The World Health Organization (WHO) has released this year’s Essential Medicines List (EML), adding new treatments for HIV, hepatitis C virus (HCV), tuberculosis, and leukemia.
The list, which is comprised of medicine considered be most important for addressing public health needs, includes 433 drugs, with 30 new drugs for adults and 25 new ones for children as well as additional indications for nine existing drugs.
A major revision to the antibiotics section includes the categorization of these agents into three groups: ACCESS, WATCH, and RESERVE. These categories are currently applied to antibiotics indicated for 21 of the most common infections; recommendations on when each category should be used are also provided. The grouping is intended to help boost treatment outcomes, decrease the development of drug-resistant bacteria, and save the “last resort” antibiotics that may be needed.

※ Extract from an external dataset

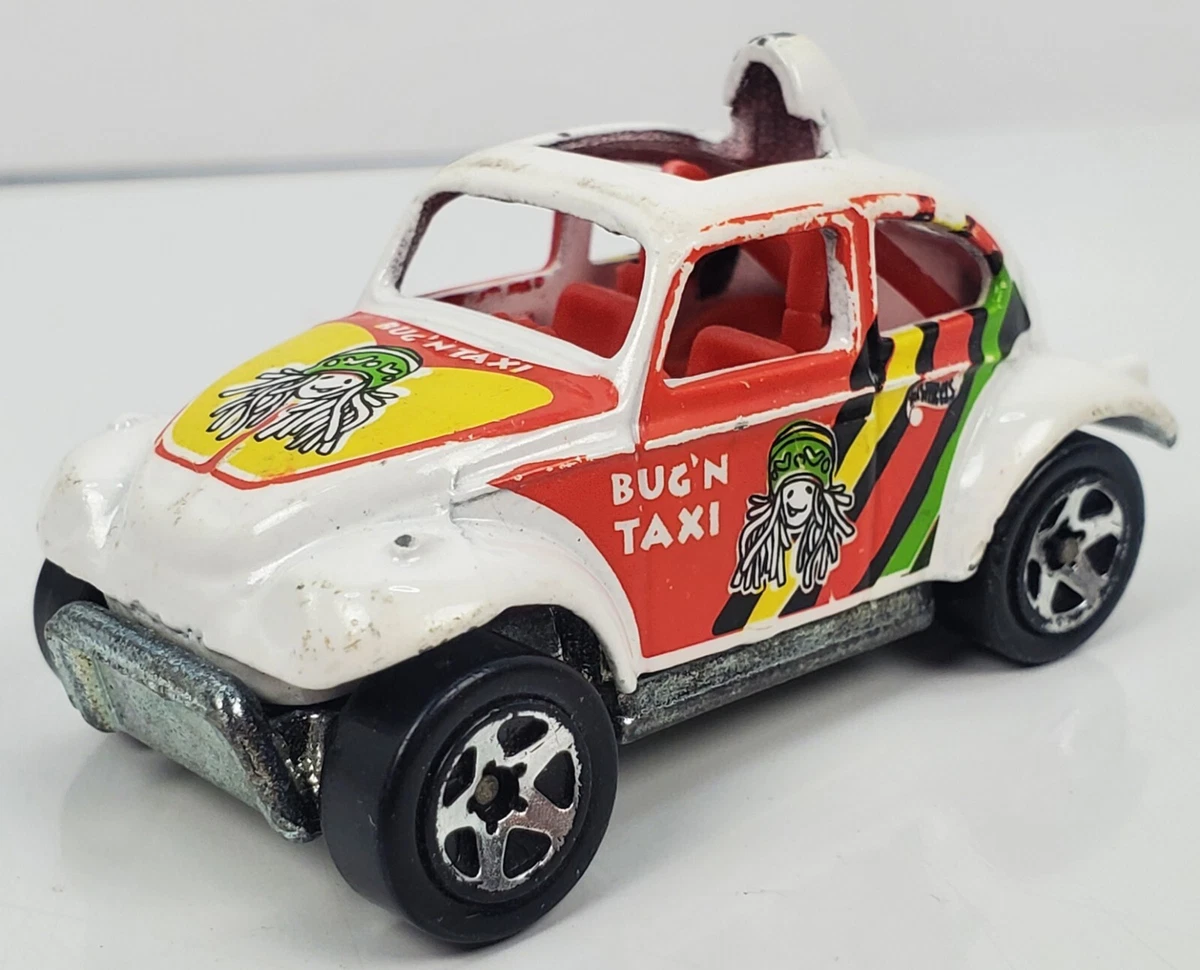 Hot wheels bug deals n taxi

ACCESS group antibiotics (eg, amoxicillin) should be available at all times to treat a variety of common infections.
WATCH group antibiotics (eg, ciprofloxacin) are those recommended as first- or second-line treatments for a smaller number of infections (eg, cystitis, upper respiratory tract infections), which should be used significantly less to reduce the development of resistance.
RESERVE group antibiotics (eg, colistin, some cephalosporins) include “last resort’ options that should only be used in the most severe situations when other alternatives have failed (eg, multidrug-resistant bacteria).
Some of other new drugs added to the WHO Essential Medicines List include:
– Dasatinib and nilotinib for chronic myeloid leukemia resistant to standard treatment
– Sofosbuvir + velpatasvir to treat all six types of HCV
– Dolutegravir for HIV
– Tenofovir +/- emtricitabine or lamivudine for HIV pre-exposure prophylaxis (PrEP)
– Delamanid and clofazime for multi-drug resistant tuberculosis
– Isoniazid, rifampicin, ethambutol, pyrazinamide for pediatric tuberculosis
– Fentanyl skin patches and methadone for pain management in cancer patients particularly for end-of-life care
The WHO Essential Medicines List was initially launched in 1977 and is revised every two years by the Expert Committee on the Selection and Use of Essential Medicines.